#### [Exercise description]
Could you transcribe the entries below exactly, without any of the pictures?

>>>

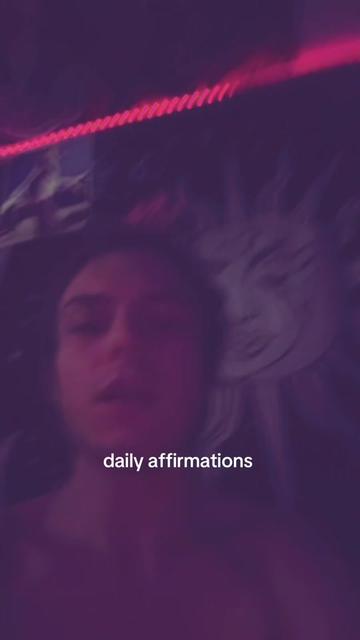 @lilh0m0fr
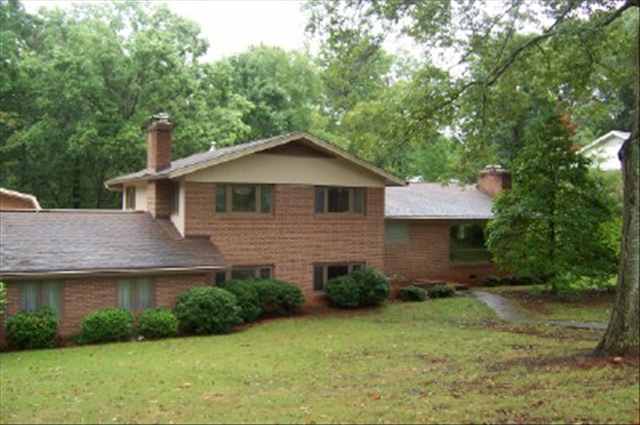 122 Covington Road Greenville, SC 29617 - Photo 1 of 18 Gallery Image 1
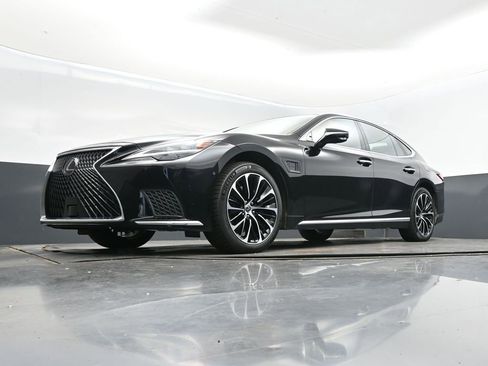 Used 2023 Lexus LS 500h AWD w/ Luxury Package image 39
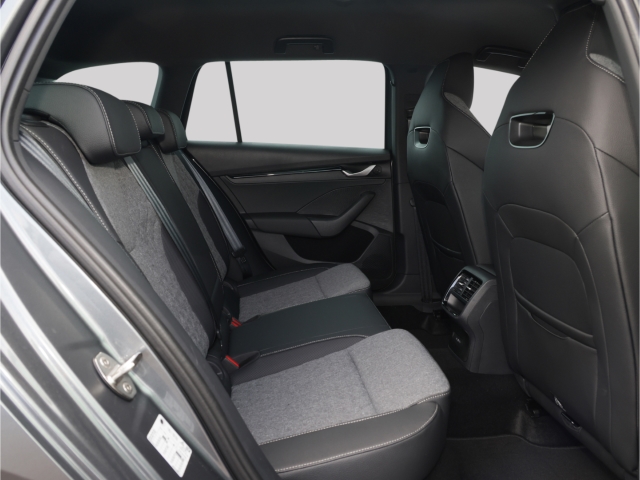Skoda Octavia Combi 1.5 TSI Sportline Navi AHK Kamera Sportpaket AHK-klappbar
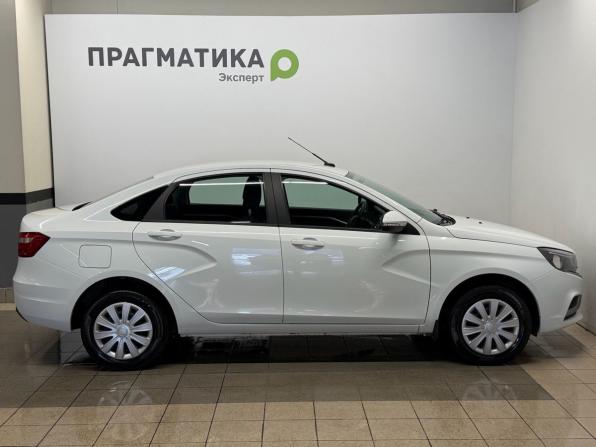 Lada (ВАЗ) Vesta I с пробегом 2021 года, цена 1 279 000 рублей, 52000 км, седан, Автокод Объявления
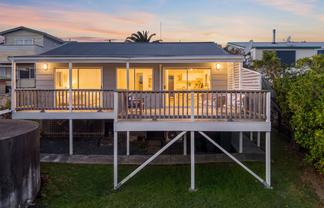 31 Shakespear Road, Army Bay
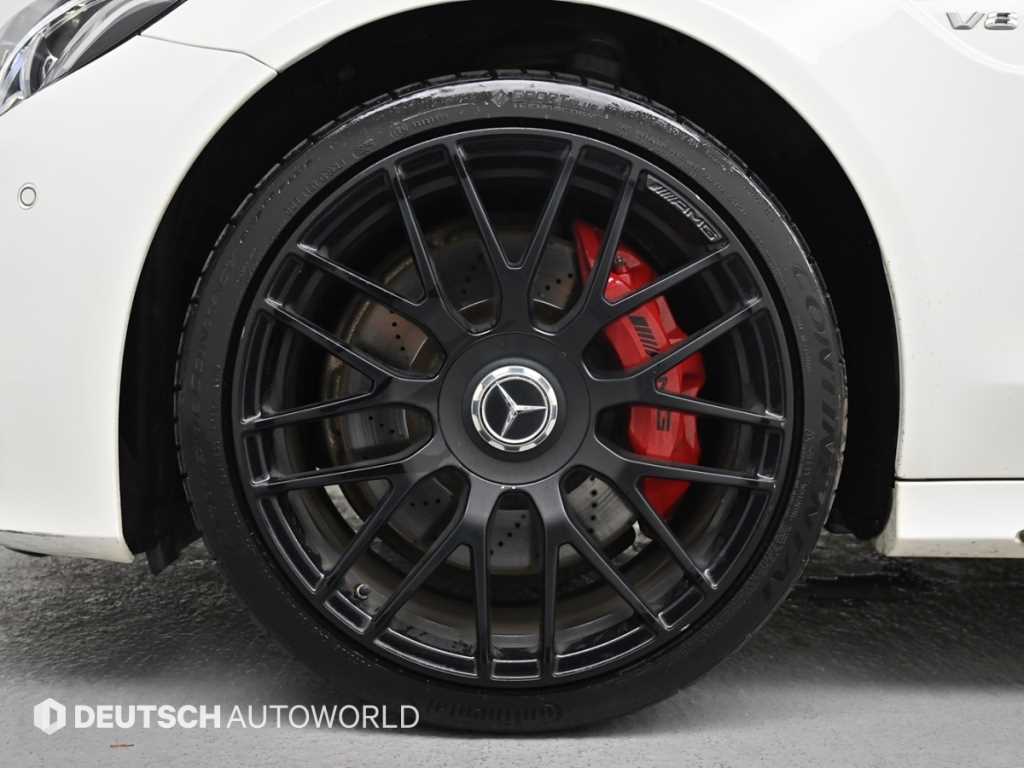 Mercedes Benz C Class - Vista 5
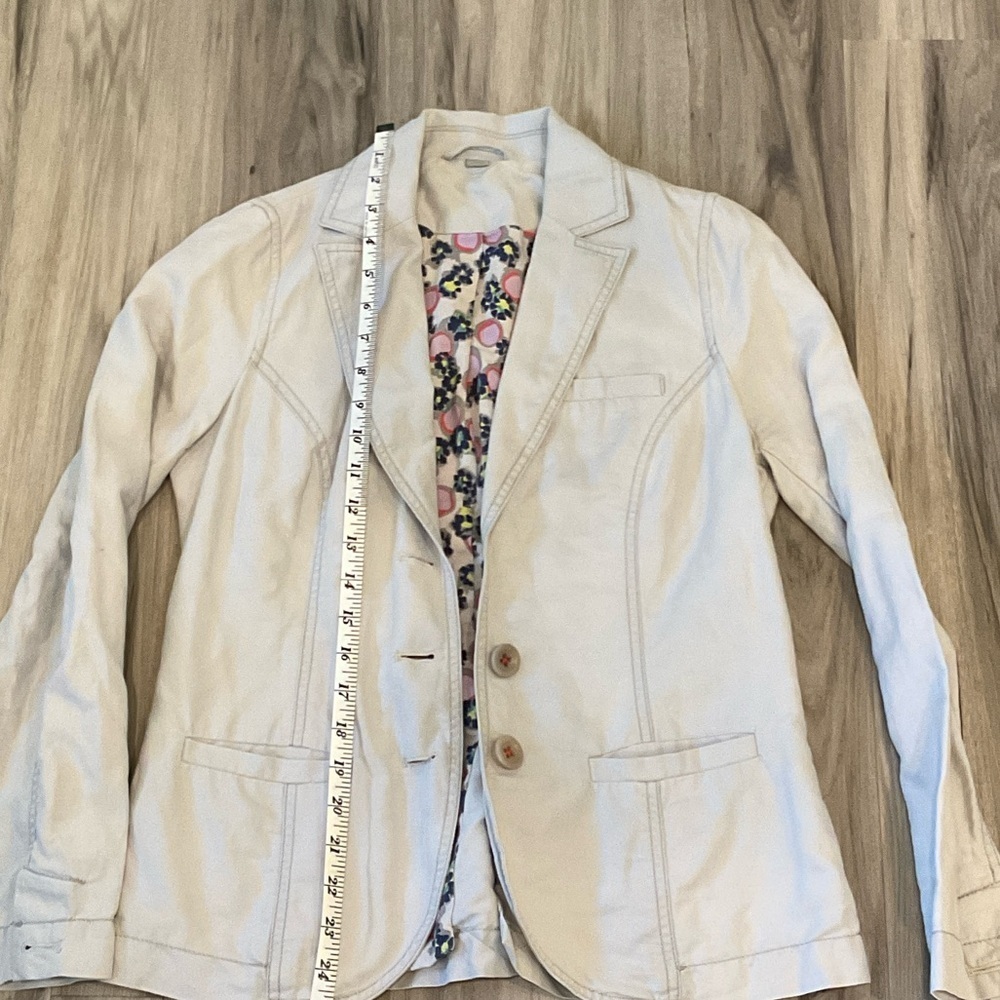 Vintage Boden Light Gray Blazer with Floral Lining Size 4 - Picture 3 of 12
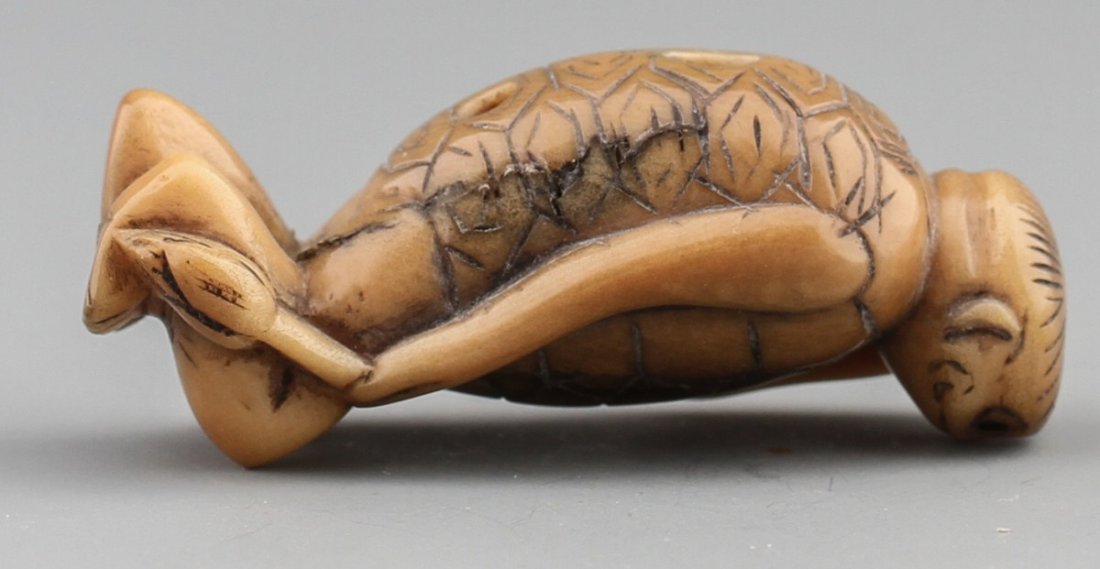 JAPANESE CARVED IVORY NETSUKE OF KAPPA - 3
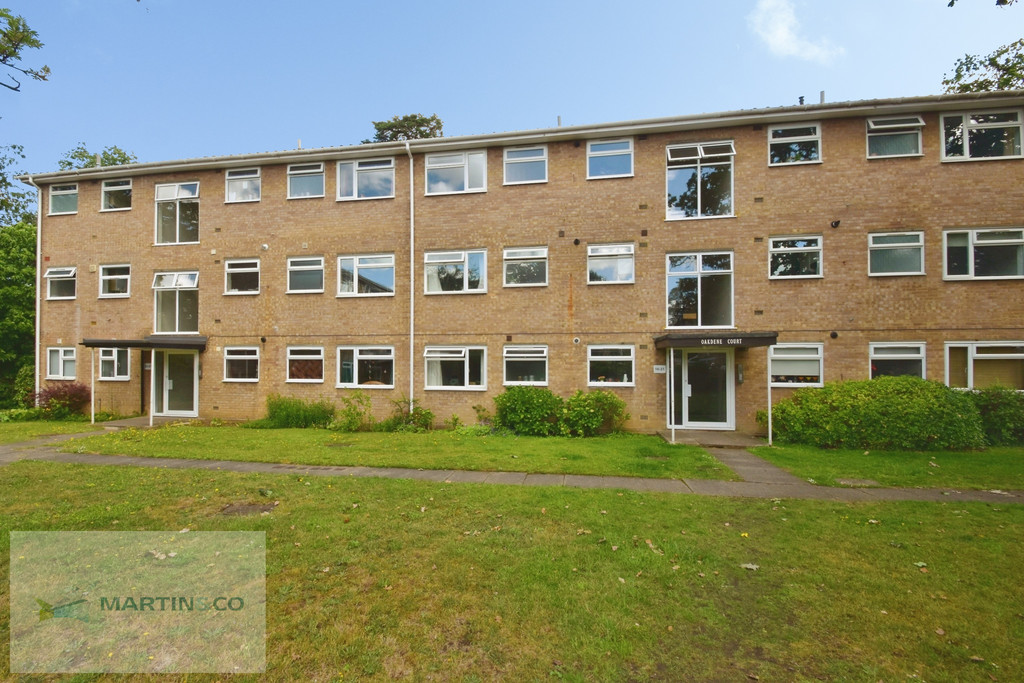 2 bed 1st Floor Flat for rent in Surrey. From Martin & Co - Walton on Thames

<<<

#### [Task response]
 @lilh0m0fr
 122 Covington Road Greenville, SC 29617 - Photo 1 of 18 Gallery Image 1
 Used 2023 Lexus LS 500h AWD w/ Luxury Package image 39
Skoda Octavia Combi 1.5 TSI Sportline Navi AHK Kamera Sportpaket AHK-klappbar
 Lada (ВАЗ) Vesta I с пробегом 2021 года, цена 1 279 000 рублей, 52000 км, седан, Автокод Объявления
 31 Shakespear Road, Army Bay
 Mercedes Benz C Class - Vista 5
 Vintage Boden Light Gray Blazer with Floral Lining Size 4 - Picture 3 of 12
 JAPANESE CARVED IVORY NETSUKE OF KAPPA - 3
 2 bed 1st Floor Flat for rent in Surrey. From Martin & Co - Walton on Thames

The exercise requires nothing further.